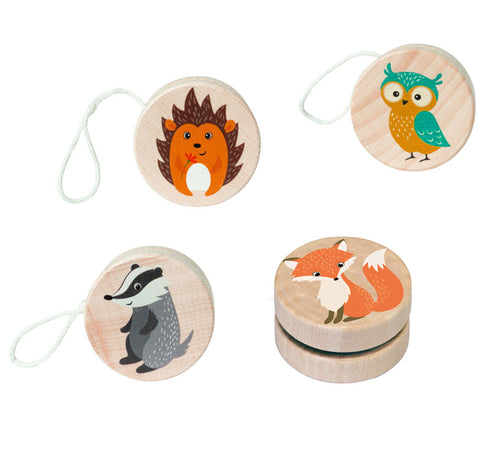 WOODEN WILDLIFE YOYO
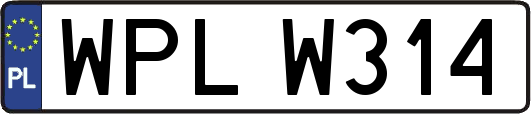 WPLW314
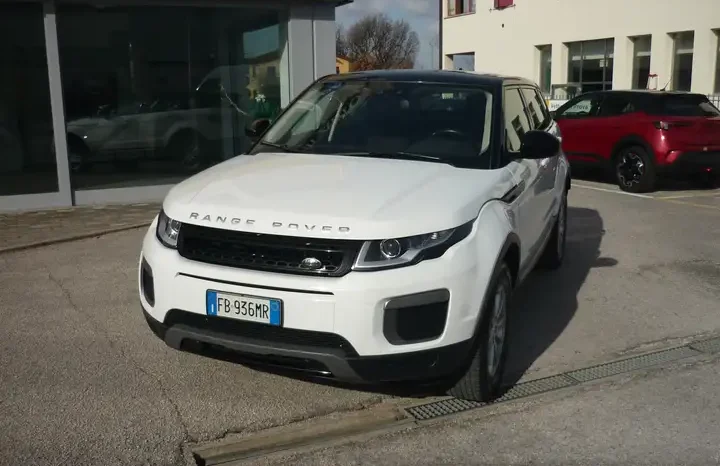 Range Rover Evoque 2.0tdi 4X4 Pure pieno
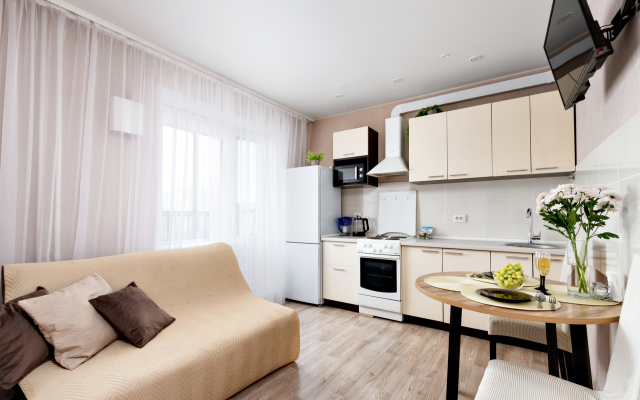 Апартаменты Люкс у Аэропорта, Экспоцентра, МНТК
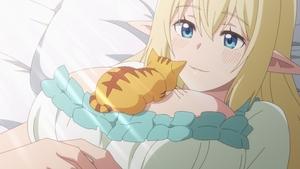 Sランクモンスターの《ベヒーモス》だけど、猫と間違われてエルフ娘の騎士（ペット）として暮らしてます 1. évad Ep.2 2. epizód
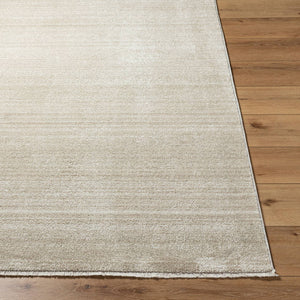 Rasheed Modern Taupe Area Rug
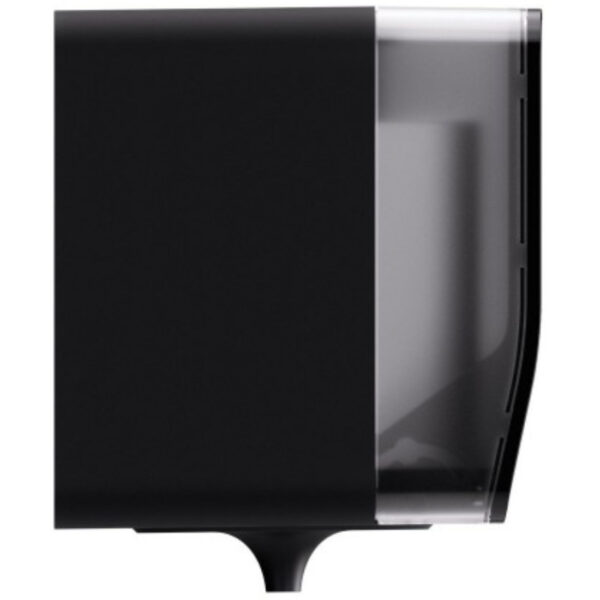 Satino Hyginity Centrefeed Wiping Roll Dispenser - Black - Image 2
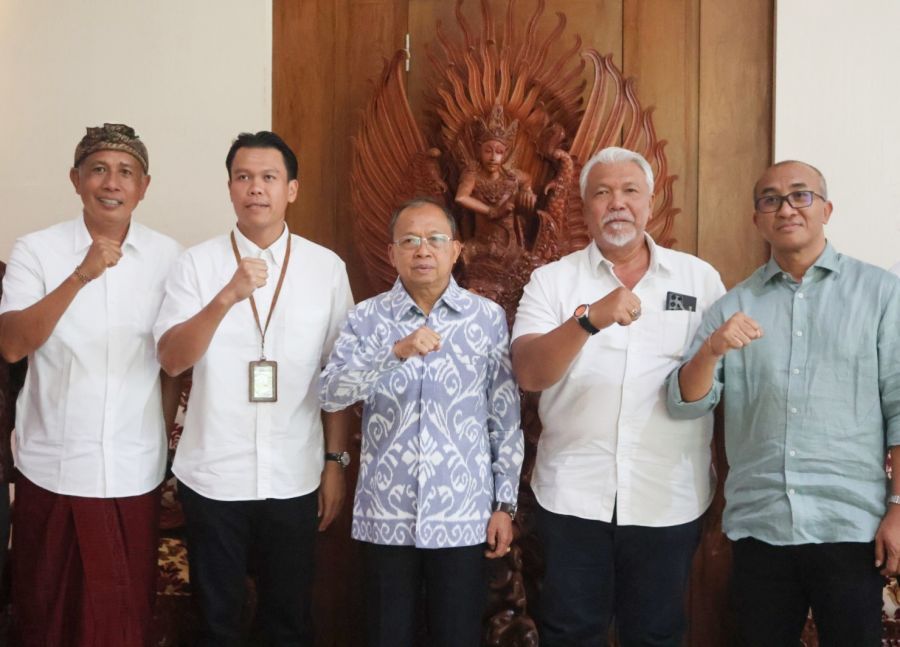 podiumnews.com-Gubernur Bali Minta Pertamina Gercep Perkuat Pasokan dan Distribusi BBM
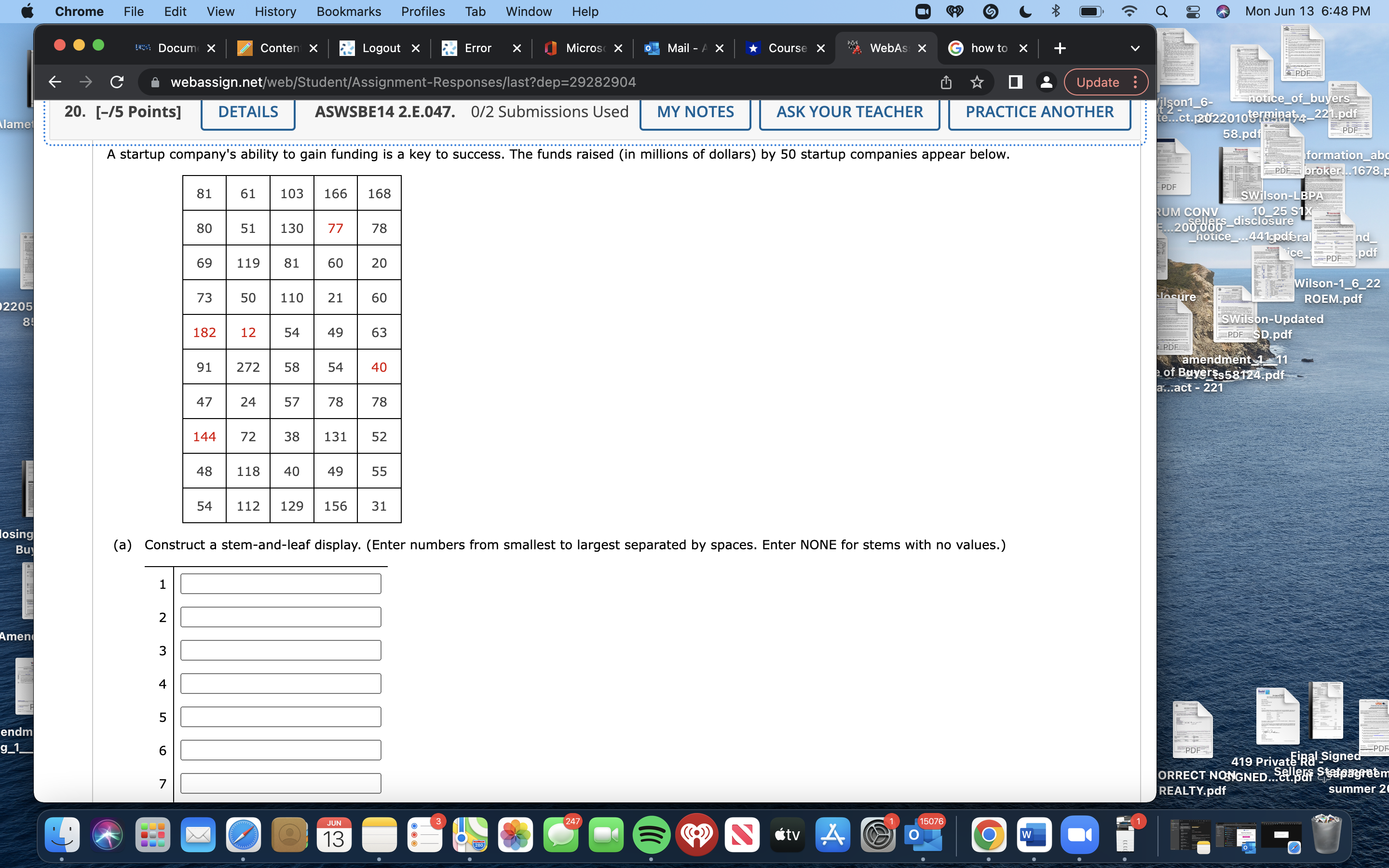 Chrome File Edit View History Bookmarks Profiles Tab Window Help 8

● **What the exercise asks**
Word for word, write out the lines from the top of the records above down to the line holding "Satino Hyginity Centrefeed", inclusive, but not the pictures.

● **Solution to the problem**
 WOODEN WILDLIFE YOYO
 WPLW314
 Range Rover Evoque 2.0tdi 4X4 Pure pieno
 Апартаменты Люкс у Аэропорта, Экспоцентра, МНТК
 Sランクモンスターの《ベヒーモス》だけど、猫と間違われてエルフ娘の騎士（ペット）として暮らしてます 1. évad Ep.2 2. epizód
 Rasheed Modern Taupe Area Rug
 Satino Hyginity Centrefeed Wiping Roll Dispenser - Black - Image 2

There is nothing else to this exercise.